In the past, SWS has compared its Joblessness rate with PSA’s Unemployment rate. However, given the conceptual differences between SWS and PSA’s definitions of employment (e.g., age range, reference period, etc.), there has been an understandably large discrepancy between PSA’s Unemployment rate and SWS’s Joblessness rate. For example, SWS directly asks if the respondent has work at present, whereas PSA specifies a minimum of one hour of work to be counted as employed. The leniency of this requirement made it very easy to be officially employed.
To address this, PSA’s Unemployment and Underemployment rates have been combined and expressed as a proportion of the Labor Force. The resulting statistic allows for more conceptually and statistically comparable rates with SWS’s Joblessness rates, as it combines PSA respondents who are unemployed and those who wish to work beyond the minimum of one (1) hour. This yields a more accurate picture of the labor situation in the Philippines.
The mathematical representations used in recomputing PSA’s Unemployment and Underemployment rates are shown. Note that to avoid confusion, the Unemployment Rate has been termed as Idle Unemployment.
To get the rate of the Underemployed as a proportion of the Labor Force, the rate of the Idle Unemployed is subtracted from the total Labor Force. The result, the rate of the Employed as proportion of the Labor Force, is multiplied by the rate of Underemployment. The result is the rate of the Underemployed expressed as a proportion of the Labor Force.
When added to the rate of the Idle Unemployed, this results in the PSA Combined Unemployment and Underemployment rate. This proportion is more comparable to the SWS data on Joblessness.
This means that if the availability requirement is included, adult unemployment in September 2017 was 12.0% (est. 5.1 million adults).
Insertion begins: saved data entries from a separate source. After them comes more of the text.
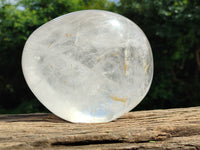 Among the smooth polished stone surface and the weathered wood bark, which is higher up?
the smooth polished stone surface

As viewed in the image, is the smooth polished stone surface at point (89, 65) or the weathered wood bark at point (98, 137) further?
the smooth polished stone surface at point (89, 65)

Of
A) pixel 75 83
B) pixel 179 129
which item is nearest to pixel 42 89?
pixel 75 83

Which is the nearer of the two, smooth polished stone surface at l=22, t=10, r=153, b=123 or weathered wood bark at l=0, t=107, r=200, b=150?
weathered wood bark at l=0, t=107, r=200, b=150

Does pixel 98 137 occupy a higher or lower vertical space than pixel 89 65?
lower

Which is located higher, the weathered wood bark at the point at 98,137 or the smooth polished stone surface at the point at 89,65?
the smooth polished stone surface at the point at 89,65

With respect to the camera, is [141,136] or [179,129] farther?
[179,129]

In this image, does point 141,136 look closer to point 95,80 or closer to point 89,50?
point 95,80

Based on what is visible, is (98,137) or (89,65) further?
(89,65)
That is, 11.9% (est. 5.0 million adults) who were not working, looking for work, and available for work and 0.1% (est. 29,000 adults) who were not working, not looking for work due to the reasons mentioned above, but available for work.
Therefore, among the 8.7 million adults who were jobless and were looking for work, 41.6% (est. 3.6 million adults) were not available for work at present or in the next two weeks.
The September 2017 Social Weather Survey was conducted from September 23-27, 2017 using face-to-face interviews of 1,500 adults (18 years old and above) nationwide, 600 in Balance Luzon and 300 each in Metro Manila, the Visayas and Mindanao (sampling error margins of ±3% for national percentages, ±4% for Balance Luzon, and ±6% each for Metro Manila, the Visayas and Mindanao).
The area estimates were weighted by Philippine Statistics Authority medium-population projections for 2017 to obtain the national estimates.
The quarterly Social Weather Surveys on joblessness are not commissioned, but are done on SWS’s own initiative and released as a public service.